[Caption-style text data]
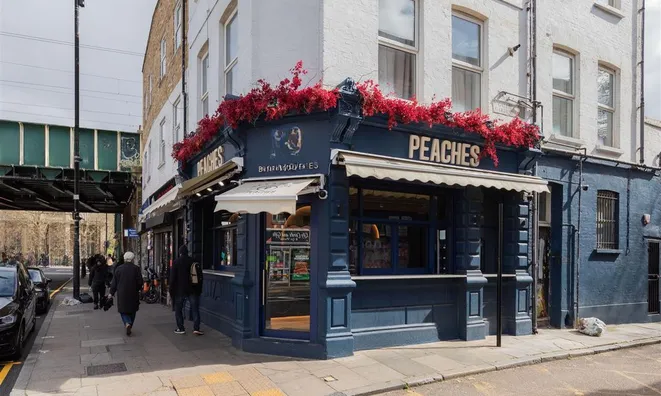 Недвижимость The Threadworks, Hollybush Gardens, Bethnal Green: 4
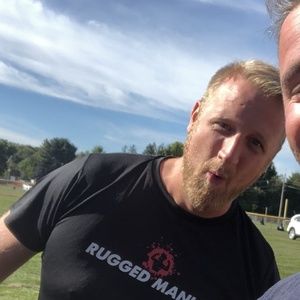 Meet your Posher, Tim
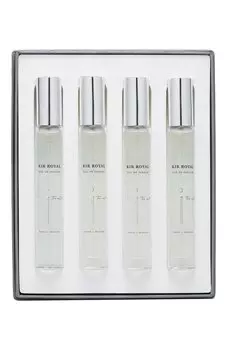 Парфюмерный набор Kir Royal (4x10ml) Love Tea Art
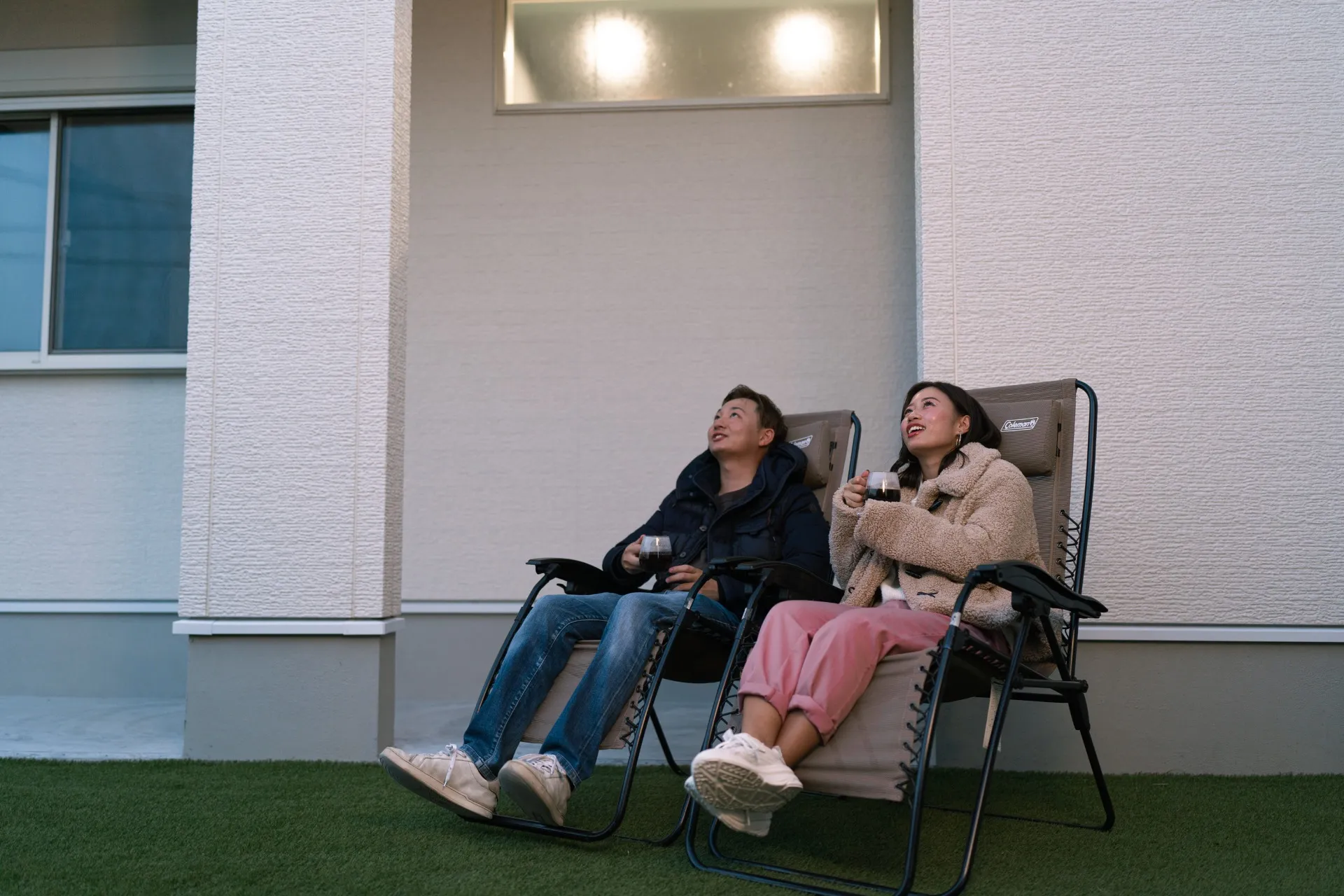 都会の喧騒から離れて。ヴィランス淡路島で楽しむ「星空鑑賞」という贅沢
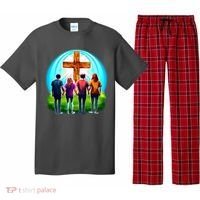 Teens Christian Catholic Retreat Pajama Set thumb 0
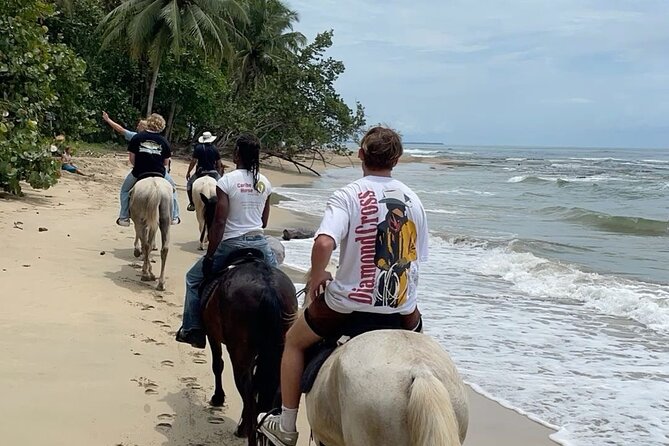 Bali Beach Horse Riding combo with waterfall All Inclusive - Why combine a beach ride with a waterfall visit?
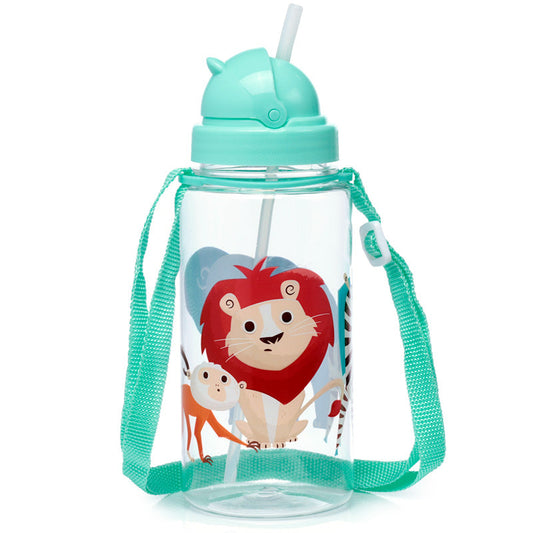 Zooniverse - 450ml Shatterproof Children's Water Bottle
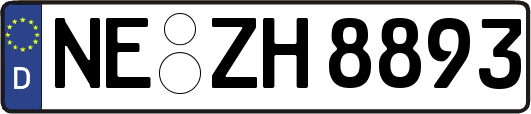 NE-ZH8893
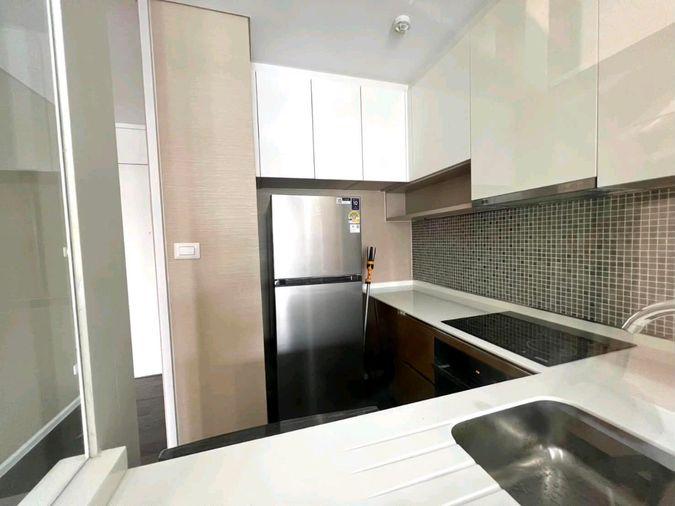 รูป 🔥 The Saint Residences ห้องใหญ่ 2 Bedroom ชั้น 40 วิวเมืองสุดอลังการ ใกล้ MRT พหลโยธิน เพียง 33,000 บาท/เดือน พร้อมเข้าอยู่! 🏙️🚆 - รูปที่ 7/13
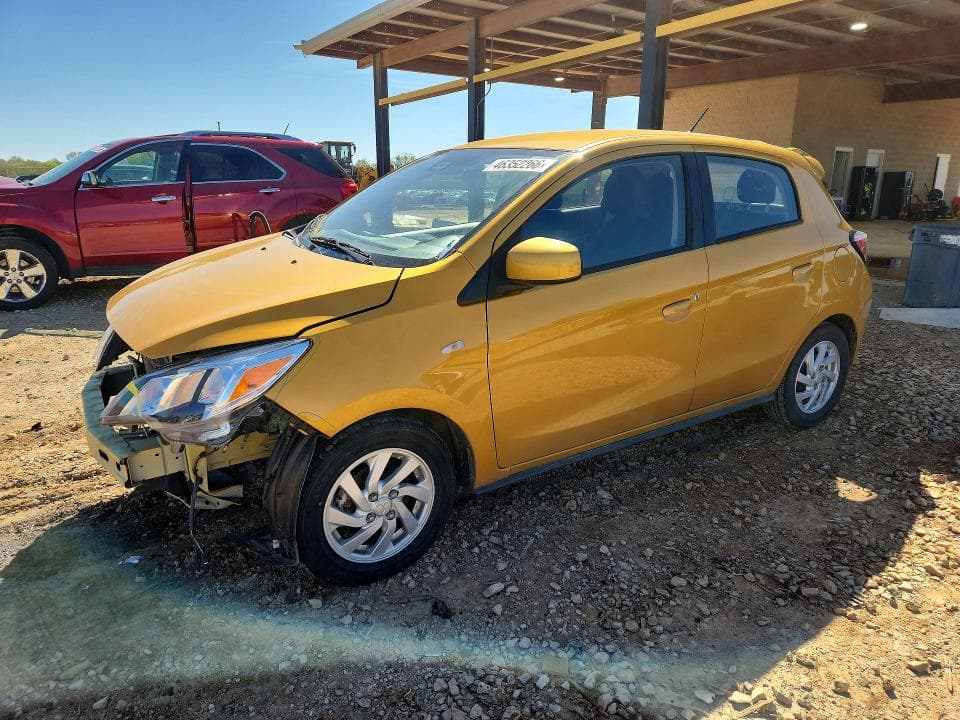 2024 MITSUBISHI MIRAGE ES ES - 1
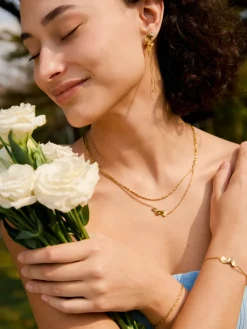 Dancing Petals ARMBAND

§ ASSIGNMENT
Exactly as written above, print every line of the data but not its pictures.

§ WRITTEN REPLY
 Недвижимость The Threadworks, Hollybush Gardens, Bethnal Green: 4
 Meet your Posher, Tim
 Парфюмерный набор Kir Royal (4x10ml) Love Tea Art
 都会の喧騒から離れて。ヴィランス淡路島で楽しむ「星空鑑賞」という贅沢
 Teens Christian Catholic Retreat Pajama Set thumb 0
 Bali Beach Horse Riding combo with waterfall All Inclusive - Why combine a beach ride with a waterfall visit?
 Zooniverse - 450ml Shatterproof Children's Water Bottle
 NE-ZH8893
 รูป 🔥 The Saint Residences ห้องใหญ่ 2 Bedroom ชั้น 40 วิวเมืองสุดอลังการ ใกล้ MRT พหลโยธิน เพียง 33,000 บาท/เดือน พร้อมเข้าอยู่! 🏙️🚆 - รูปที่ 7/13
 2024 MITSUBISHI MIRAGE ES ES - 1
 Dancing Petals ARMBAND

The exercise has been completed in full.